California mission aims to preserve St. Junipero Serra statue
CNA Staff, Jun 22, 2020 / 03:08 pm MT (CNA).- While statues of St. Junipero Serra have been taken down by protestors in California cities, the mission church in Ventura, California, founded by the saint, has announced it will work with local officials and indigenous tribal leaders to see a Serra statue outside Ventura City Hall moved to “a non-public location.”
The announcement came days before a statue of St. Serra was torn down in San Francisco’s Golden Gate Park June 20, along with statues of Francis Scott Key and Ulysses S. Grant. In Los Angeles the same day, rioters pulled down a statue of Serra in the city’s downtown.
“Some people disagree with the way that I am handling this, and that’s ok. Some people agree. Some people have even asked that I should be pastor of a mission. Well, everyone is entitled to their own opinion,” Father Tom Elewaut, pastor of the San Buenaventura mission church, said in a homily on June 21.

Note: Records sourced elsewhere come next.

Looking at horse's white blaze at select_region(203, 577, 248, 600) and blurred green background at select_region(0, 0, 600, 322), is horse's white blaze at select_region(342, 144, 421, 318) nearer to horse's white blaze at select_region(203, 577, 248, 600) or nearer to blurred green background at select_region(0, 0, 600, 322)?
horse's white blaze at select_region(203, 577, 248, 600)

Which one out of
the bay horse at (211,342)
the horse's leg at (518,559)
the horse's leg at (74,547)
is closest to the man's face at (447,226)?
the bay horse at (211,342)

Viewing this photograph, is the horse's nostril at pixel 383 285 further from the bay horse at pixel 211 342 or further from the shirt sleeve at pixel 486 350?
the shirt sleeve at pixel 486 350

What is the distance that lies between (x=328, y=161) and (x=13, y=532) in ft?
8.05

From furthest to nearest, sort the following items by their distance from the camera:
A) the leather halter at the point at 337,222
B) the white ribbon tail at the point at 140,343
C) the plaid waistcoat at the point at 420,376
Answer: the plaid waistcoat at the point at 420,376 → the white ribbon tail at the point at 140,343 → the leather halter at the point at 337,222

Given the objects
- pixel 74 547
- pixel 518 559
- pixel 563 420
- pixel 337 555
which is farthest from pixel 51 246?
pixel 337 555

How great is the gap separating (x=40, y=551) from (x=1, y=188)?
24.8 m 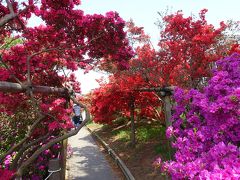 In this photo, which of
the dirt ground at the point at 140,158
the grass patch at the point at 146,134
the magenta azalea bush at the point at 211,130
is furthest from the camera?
the grass patch at the point at 146,134

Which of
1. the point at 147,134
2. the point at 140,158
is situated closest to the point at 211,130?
the point at 140,158

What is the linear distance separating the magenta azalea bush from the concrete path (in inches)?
189

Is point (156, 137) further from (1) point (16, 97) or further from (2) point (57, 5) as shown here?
(2) point (57, 5)

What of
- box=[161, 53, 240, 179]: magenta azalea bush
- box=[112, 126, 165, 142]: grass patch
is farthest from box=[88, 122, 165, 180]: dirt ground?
box=[161, 53, 240, 179]: magenta azalea bush

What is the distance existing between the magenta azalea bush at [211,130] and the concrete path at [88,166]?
189 inches

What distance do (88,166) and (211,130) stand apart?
7.24m

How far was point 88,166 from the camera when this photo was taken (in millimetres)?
11164

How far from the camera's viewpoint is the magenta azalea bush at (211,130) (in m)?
3.90

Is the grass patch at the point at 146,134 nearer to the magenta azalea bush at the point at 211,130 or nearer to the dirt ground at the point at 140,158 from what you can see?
the dirt ground at the point at 140,158

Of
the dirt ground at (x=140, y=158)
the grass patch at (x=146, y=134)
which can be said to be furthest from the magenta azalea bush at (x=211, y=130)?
the grass patch at (x=146, y=134)

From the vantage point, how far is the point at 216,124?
186 inches

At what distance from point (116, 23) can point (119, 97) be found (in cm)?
684

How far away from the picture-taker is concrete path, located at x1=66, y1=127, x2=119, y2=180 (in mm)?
9719

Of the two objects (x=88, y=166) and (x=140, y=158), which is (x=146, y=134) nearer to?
(x=140, y=158) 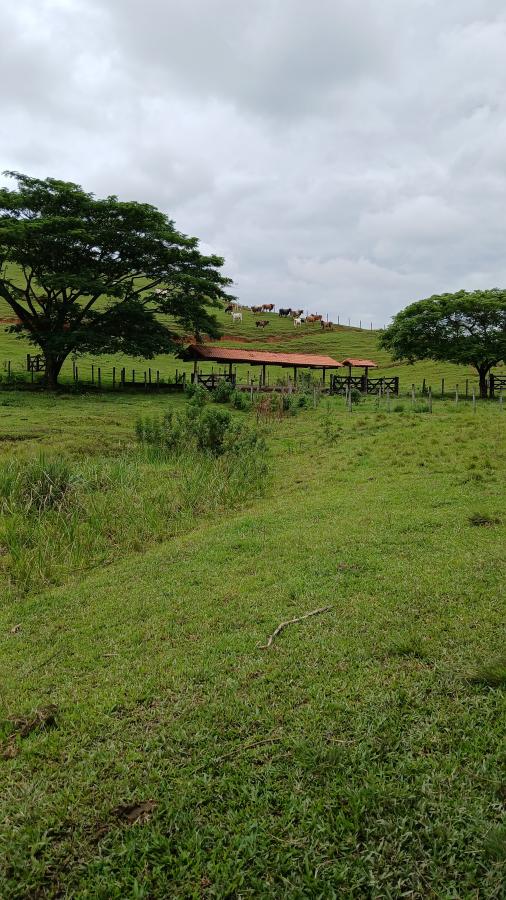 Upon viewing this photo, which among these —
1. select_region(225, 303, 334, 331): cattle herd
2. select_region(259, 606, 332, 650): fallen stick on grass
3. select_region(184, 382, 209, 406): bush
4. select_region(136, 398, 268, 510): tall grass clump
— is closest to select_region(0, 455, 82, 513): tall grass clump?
select_region(136, 398, 268, 510): tall grass clump

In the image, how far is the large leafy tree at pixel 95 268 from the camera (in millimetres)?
27766

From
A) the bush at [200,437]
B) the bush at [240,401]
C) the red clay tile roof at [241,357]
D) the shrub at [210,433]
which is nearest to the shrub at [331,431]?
the bush at [200,437]

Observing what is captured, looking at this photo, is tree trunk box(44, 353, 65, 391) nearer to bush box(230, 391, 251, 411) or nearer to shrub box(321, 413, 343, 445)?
bush box(230, 391, 251, 411)

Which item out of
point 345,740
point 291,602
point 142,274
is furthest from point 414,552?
point 142,274

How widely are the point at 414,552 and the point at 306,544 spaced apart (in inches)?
54.3

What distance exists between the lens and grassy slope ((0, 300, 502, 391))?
41963 millimetres

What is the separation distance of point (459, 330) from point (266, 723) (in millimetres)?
37068

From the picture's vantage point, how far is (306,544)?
6734mm

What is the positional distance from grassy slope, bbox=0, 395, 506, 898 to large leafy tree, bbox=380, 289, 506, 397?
31.0 metres

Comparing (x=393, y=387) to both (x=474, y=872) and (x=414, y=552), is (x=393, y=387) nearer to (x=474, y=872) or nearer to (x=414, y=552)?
(x=414, y=552)

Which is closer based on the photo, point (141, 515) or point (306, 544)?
point (306, 544)

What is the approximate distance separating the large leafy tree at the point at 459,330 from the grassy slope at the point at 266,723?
102ft

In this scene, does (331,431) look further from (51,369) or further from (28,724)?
(51,369)

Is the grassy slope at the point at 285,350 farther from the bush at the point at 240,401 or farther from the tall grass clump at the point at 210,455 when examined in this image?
the tall grass clump at the point at 210,455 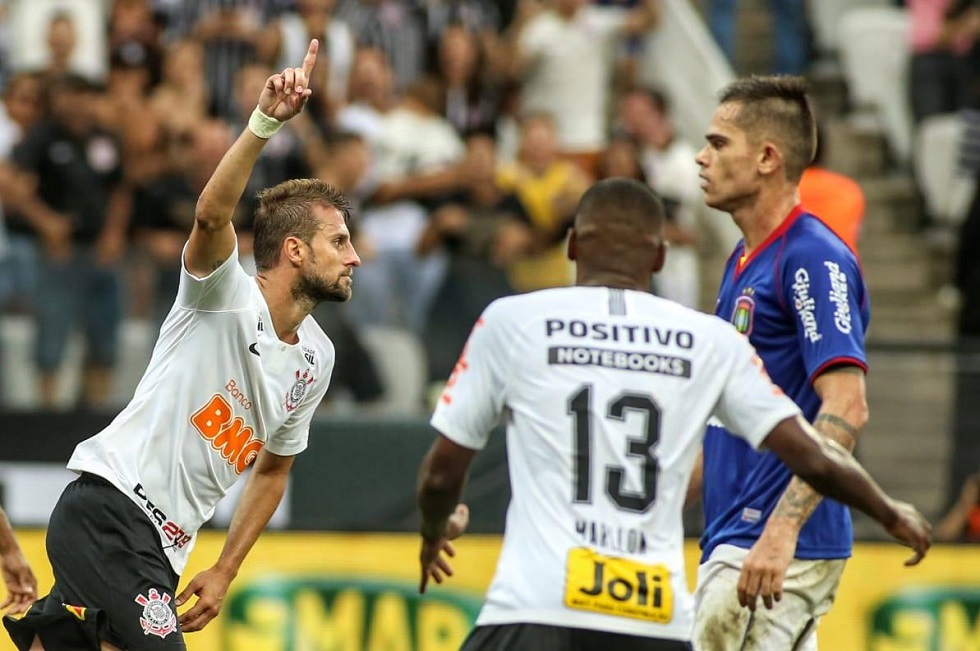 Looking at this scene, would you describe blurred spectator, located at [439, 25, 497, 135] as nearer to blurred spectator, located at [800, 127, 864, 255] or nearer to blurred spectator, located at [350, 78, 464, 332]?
blurred spectator, located at [350, 78, 464, 332]

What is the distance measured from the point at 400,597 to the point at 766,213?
4.61 m

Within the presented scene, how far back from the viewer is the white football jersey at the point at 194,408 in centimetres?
615

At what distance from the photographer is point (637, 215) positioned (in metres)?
5.35

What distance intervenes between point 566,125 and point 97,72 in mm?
3845

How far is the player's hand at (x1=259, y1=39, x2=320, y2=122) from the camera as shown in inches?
232

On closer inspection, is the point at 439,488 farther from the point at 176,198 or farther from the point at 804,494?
the point at 176,198

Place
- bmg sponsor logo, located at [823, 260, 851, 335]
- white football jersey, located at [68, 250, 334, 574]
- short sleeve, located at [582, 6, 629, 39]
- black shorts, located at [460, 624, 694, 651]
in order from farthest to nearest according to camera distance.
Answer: short sleeve, located at [582, 6, 629, 39] → bmg sponsor logo, located at [823, 260, 851, 335] → white football jersey, located at [68, 250, 334, 574] → black shorts, located at [460, 624, 694, 651]

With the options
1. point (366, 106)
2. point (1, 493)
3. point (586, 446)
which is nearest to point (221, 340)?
point (586, 446)

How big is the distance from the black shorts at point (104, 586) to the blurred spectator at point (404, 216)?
17.1 ft

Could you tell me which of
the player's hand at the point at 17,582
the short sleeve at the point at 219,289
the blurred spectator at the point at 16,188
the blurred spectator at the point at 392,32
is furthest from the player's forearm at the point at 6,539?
the blurred spectator at the point at 392,32

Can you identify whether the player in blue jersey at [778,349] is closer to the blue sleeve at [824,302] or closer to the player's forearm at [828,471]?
the blue sleeve at [824,302]

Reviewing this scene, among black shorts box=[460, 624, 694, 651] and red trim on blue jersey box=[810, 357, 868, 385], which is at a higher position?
red trim on blue jersey box=[810, 357, 868, 385]

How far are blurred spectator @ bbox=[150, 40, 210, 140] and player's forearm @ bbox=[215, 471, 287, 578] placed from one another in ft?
20.9

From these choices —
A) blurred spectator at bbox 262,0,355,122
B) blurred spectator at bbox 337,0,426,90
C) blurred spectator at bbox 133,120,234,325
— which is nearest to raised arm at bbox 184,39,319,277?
blurred spectator at bbox 133,120,234,325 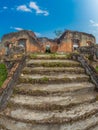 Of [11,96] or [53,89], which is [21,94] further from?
[53,89]

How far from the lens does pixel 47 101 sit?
261 inches

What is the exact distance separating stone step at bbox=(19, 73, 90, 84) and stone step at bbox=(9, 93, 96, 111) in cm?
75

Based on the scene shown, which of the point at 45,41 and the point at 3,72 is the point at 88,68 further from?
the point at 45,41

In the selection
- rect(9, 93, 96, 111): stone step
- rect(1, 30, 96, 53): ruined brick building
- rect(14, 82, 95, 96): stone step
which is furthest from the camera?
rect(1, 30, 96, 53): ruined brick building

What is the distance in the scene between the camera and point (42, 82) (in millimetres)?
7496

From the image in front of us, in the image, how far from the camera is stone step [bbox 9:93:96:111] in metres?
6.39

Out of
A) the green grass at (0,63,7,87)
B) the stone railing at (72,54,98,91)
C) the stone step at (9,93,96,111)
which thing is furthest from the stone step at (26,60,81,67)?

“The statue is up today, isn’t it? And that is due to not only the joint statement, but the strong position of the elders of the Chumash, who are local here. We want to see the statue preserved. It needs to be relocated— it could have very well been toppled yesterday,” the priest said.
Though protestors rallied at the bronze statue in Ventura on June 20 and reportedly called for it to be torn down, Chumash tribe elders have been adamant that they want a peaceful solution.
“We are going to become a model for the nation so it’s not this riot mob act and desecration, and even having a statue broken into pieces. That is our goal, and that we hope will come to fruition,” Elewaut added.
Across the country, protestors and rioters this week have pulled down statues of historic figures— some depicting Confederate figures, as part of a call to end systemic racism, but others depicting such figures as George Washington and Grant.
Some California activists view Serra, an 18th-century Franciscan missionary, as having contributed to the destruction of Native American way of life through his founding of the first nine of California’s mission churches. Many of the priest’s biographers dispute those claims.
Elders of the Chumash Native American tribe met last week with Ventura Mayor Matt Lavere and Fr. Elewaut.
“The three of us are confident that a peaceful resolution regarding the Father Junipero Serra statue can be reached, without uncivil discourse and character assassination, much less vandalism of a designated landmark,” the parties said in a June 18 joint statement.
“We all believe that the removal of the statue should be accomplished without force, without anger, and through a collaborative, peaceful process. This process has already commenced through our initial meeting and we look forward to continuing the discussion with the community to help guide further action on this.”
The proposal to remove the statue, which was dedicated in 1989, will need to go before the city council, the parties said, and a formal removal decision has not yet been made.
A similar statue was beheaded at the Old Mission Santa Barbara in 2017, and red paint was used to graffiti the mission in 2018, Ventura’s ABC affiliate reported.
Pope Francis canonized Serra in Washington, D.C. on Sept. 23, 2015, saying that “Junípero sought to defend the dignity of the native community, to protect it from those who had mistreated and abused it,”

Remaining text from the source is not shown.